Many small- to medium-sized businesses struggle with cash flow due to slow paying customers. Waiting too long to get paid or lengthy payment timelines can hamper business growth. You can’t move your business to the next level without having the needed working capital on-hand to do so.
Invoice factoring, also known as factoring accounts receivables, is an alternative commercial financing solution that is well-suited to businesses facing customer payment delays. With factoring receivables, businesses sell their valid invoices to the invoice factoring company for an advance payment. They collect the bulk of their invoice total in a matter of days thereby eliminating the wait that comes from customers who are too slow to pay. With this money in hand, business cash flow and working capital are restored. Capital from factoring invoices can be used to increase production, expand into new territories, hire new staff or meet debt obligations.
Factoring offers many benefits but read the fine print
Though invoice factoring offers many paybacks, it is no panacea to all business aches and pains. It comes with its own guidelines, best practices and limitations. Like all business financial solutions, those considering factoring receivables need to learn about what factoring is, what it entails, and how it works. This often means reading the fine print, asking smart questions, and doing your own due diligence before jumping onboard with an invoice factoring company.
Here’s the most common oversights related to invoice factoring:
> Not understanding all costs and fees
The total cost of using factoring services can vary from firm to firm so it is a good idea to search around on prices and to do a comparison. Generally, factoring companies charge a weekly percentage fee for their services. This means the longer it takes for them to collect on the invoice from your customer, the more you will have to pay in fees.
In addition, some firms may charge other fees such as installment fees, application processing fees, handling fees and more. Make sure you familiarize yourself with all costs and fees involved so you know what you are getting into before signing the contract. This way, there are no surprises in the bill and you can plan your budget accordingly.

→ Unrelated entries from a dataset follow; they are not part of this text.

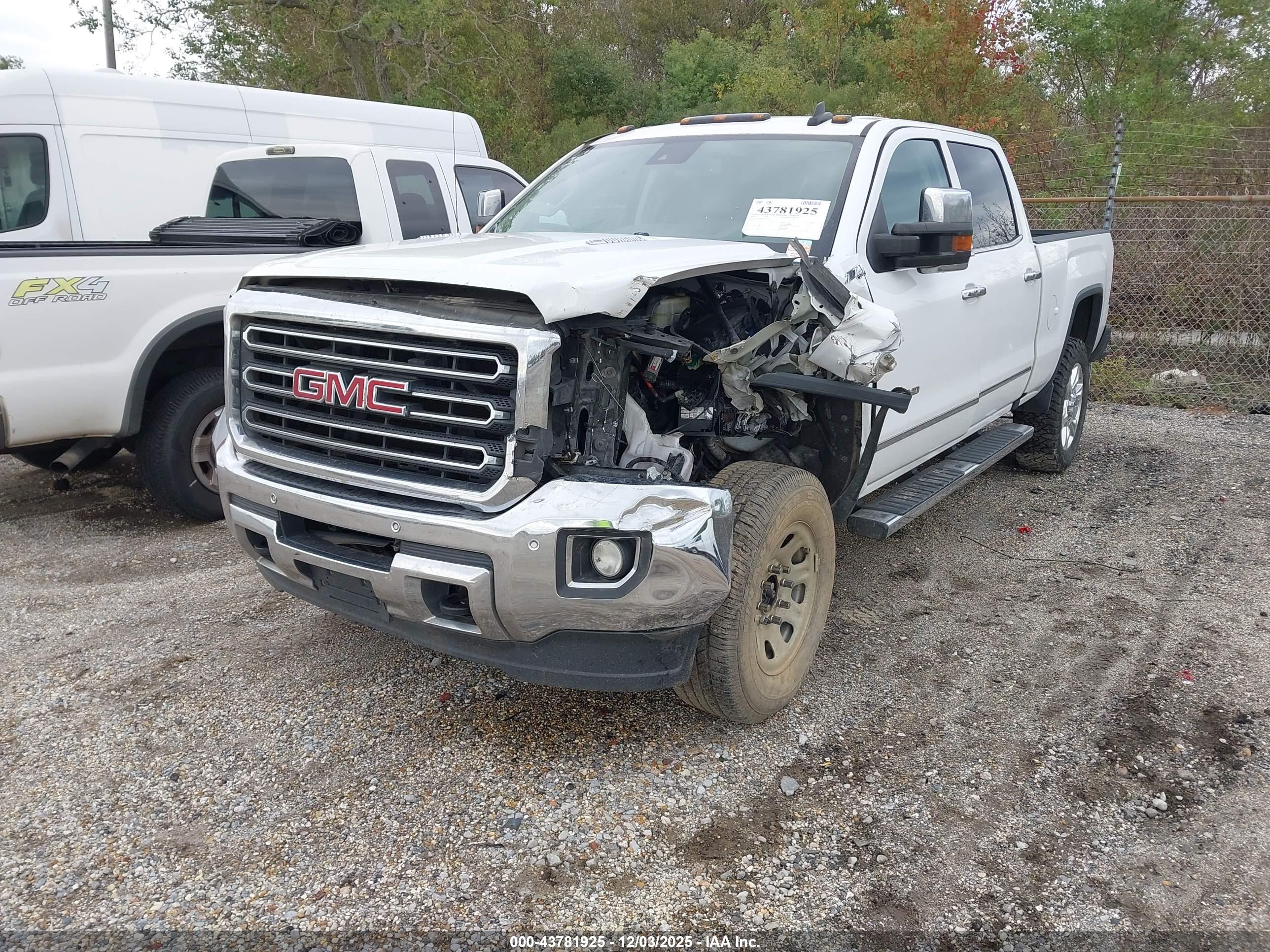 GMC SIERRA image 2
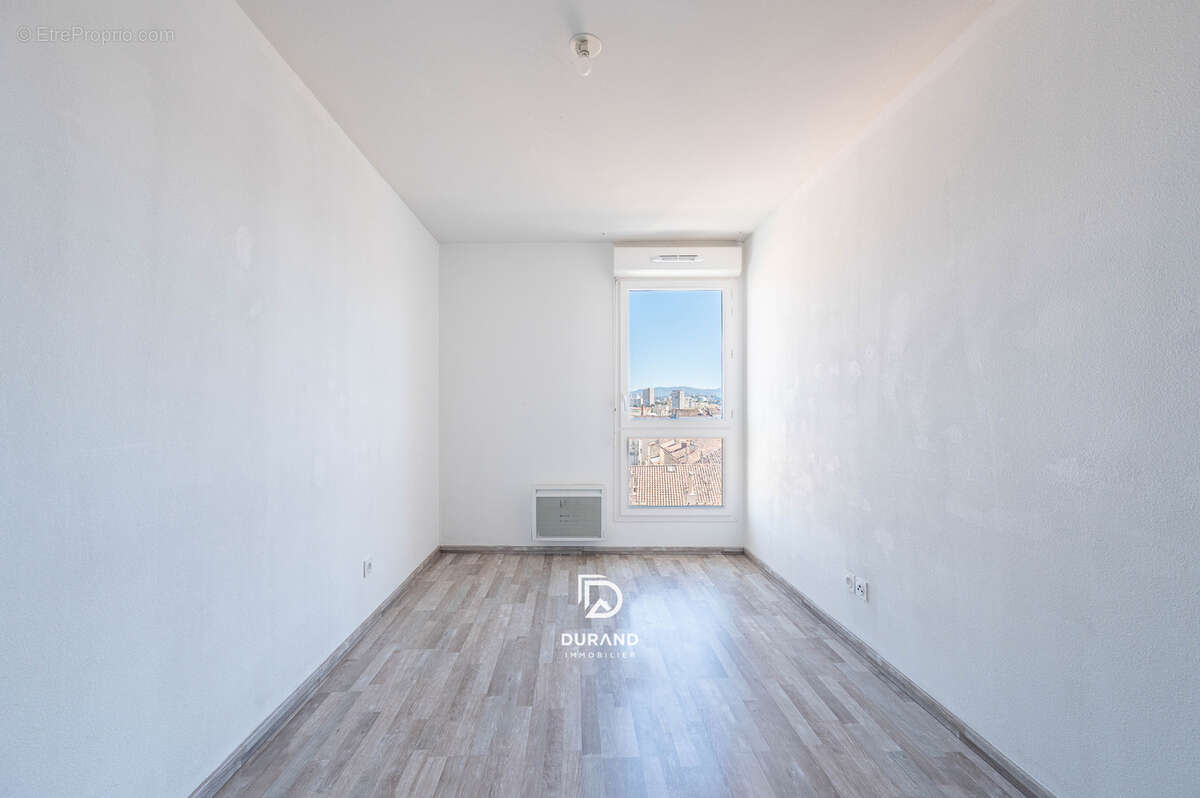 Appartement à MARSEILLE-15E
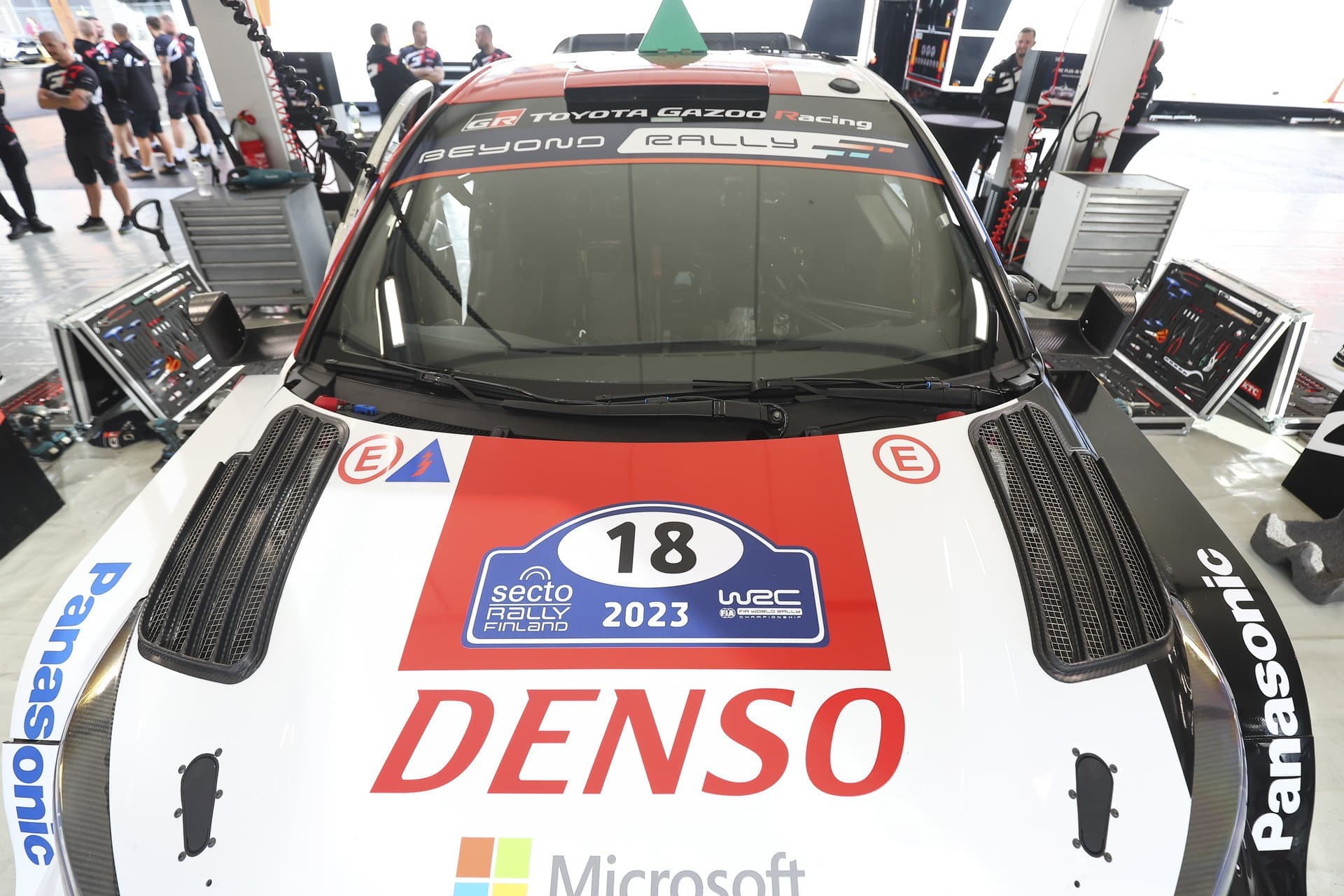car18_09fin23tb109.jpg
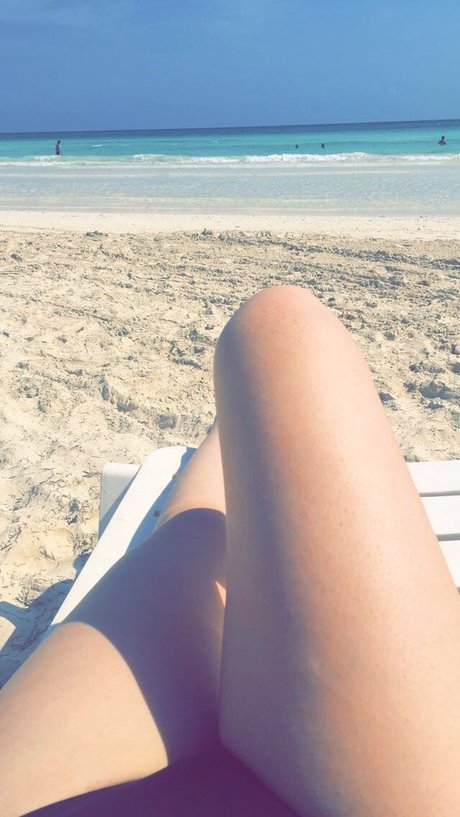 Foto di nudo di fuga di OnlyFans di Not Her Face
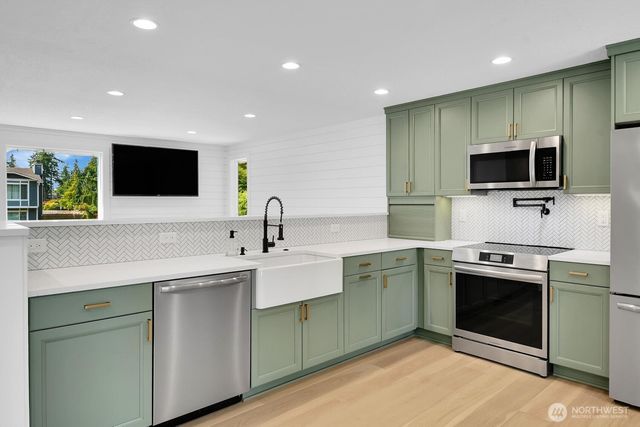 5533 149th Place SW, Edmonds, WA 98026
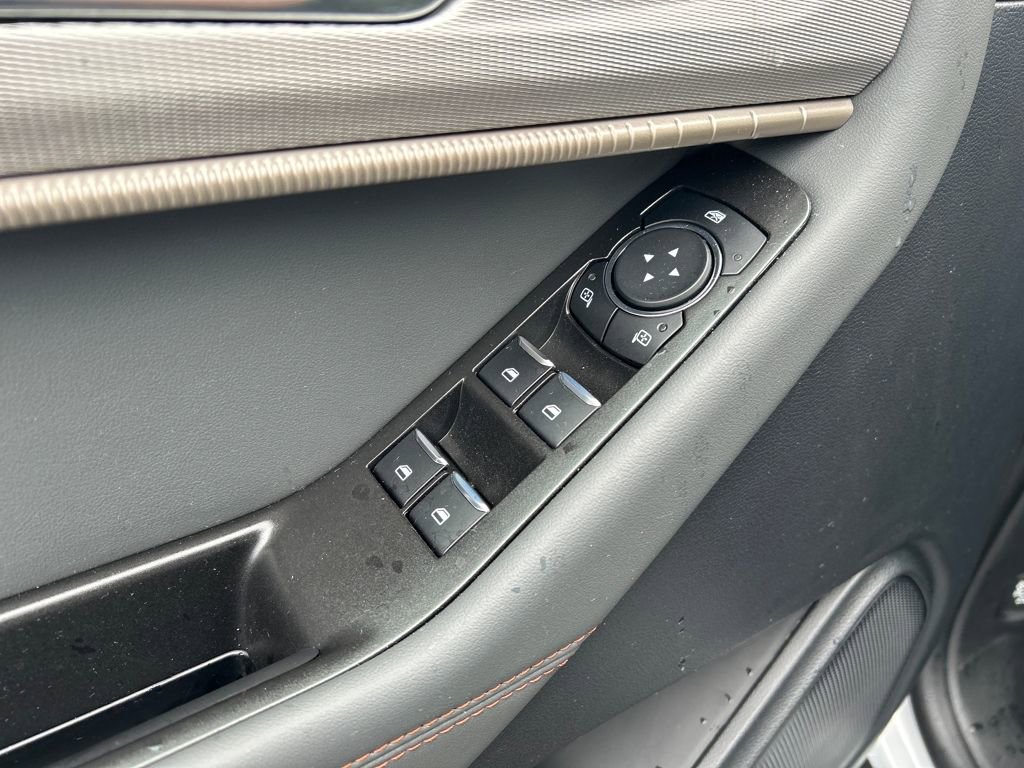 Certified 2025 Ford Explorer Active w/ Active Comfort Package image 20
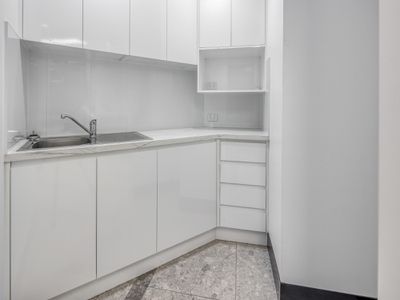 9/621 Coronation Drive, Toowong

> Not reading the contract requirements
Many factoring companies require you enter into a contract with them. Though terms may be flexible if you search around at different companies, many will require a 6-month or 12-month commitment. Some may allow you to skip a month or two during a non-busy season but you will have to negotiate this in advance. If you are seeking to use factoring as a one-time thing, you can set this up with the factoring company as what’s called spot factoring but again, this generally needs to be arranged in advance.
To avoid getting yourself in a bind regarding your commitment to the factoring company, make sure you read the contract and ask questions before signing. Again, this is true with any and all financial commitments you make on behalf of your business.
> Poor information gathering and documentation
When you first apply to the factoring company, you will be asked to complete an application, gather some business documents, and sign some paperwork. You will also have to answer some questions pertaining to your business, its customers, your bank accounts, etc. These questions may pertain to any current or previous liens on the business, bankruptcies, financial debts or any other obligations or commitments.
While this is standard operating procedure, some applicants may not completely fill out the application or forget to list a current lien or debt. Incomplete or incorrect information on the application will most certainly slow down the application process. If you are seeking to sell your invoices for immediate cash, not having your documents and information together will hinder the account receivables factoring processing. Moreover, your application could be denied.
> Not choosing the best customers’ invoices for factoring receivables
As was mentioned previously, the longer it takes for your customers to pay their invoices, the more fees you will pay to the invoice factoring company. As such, you should try to choose customers that tend to pay their bills on time at 30 days or less. A customer that has a history of erratic payment may not be the best one to candidate for factoring.
> What do your invoices look like?
Are your invoices easy to read and understand? Are they current and up-to-date? Is it easy to discern how much is owed and when it is due? These sorts of oversights can delay the invoice factoring process as well as delay customer payment timeline.
> Incorrectly directing payment
Generally speaking, standard practice with factoring receivables is that the customer or the debtor remits invoice directly to the factoring company during the usual 30-day payment window. Therefore, you may have to redirect payment from the customer to go directly to the factoring company. This is usually a simple process that may involve sending a piece of correspondence or email. Either way, it still needs to be done or else the factoring company won’t receive payment on time and you may have to pay additional fees.
While factoring receivables has many benefits to small businesses, it is important to understand the terms of the factoring agreement before proceeding. In this way, applying for receivables factoring is the same as applying for a business loan in that you need to read the fine print before signing the contract.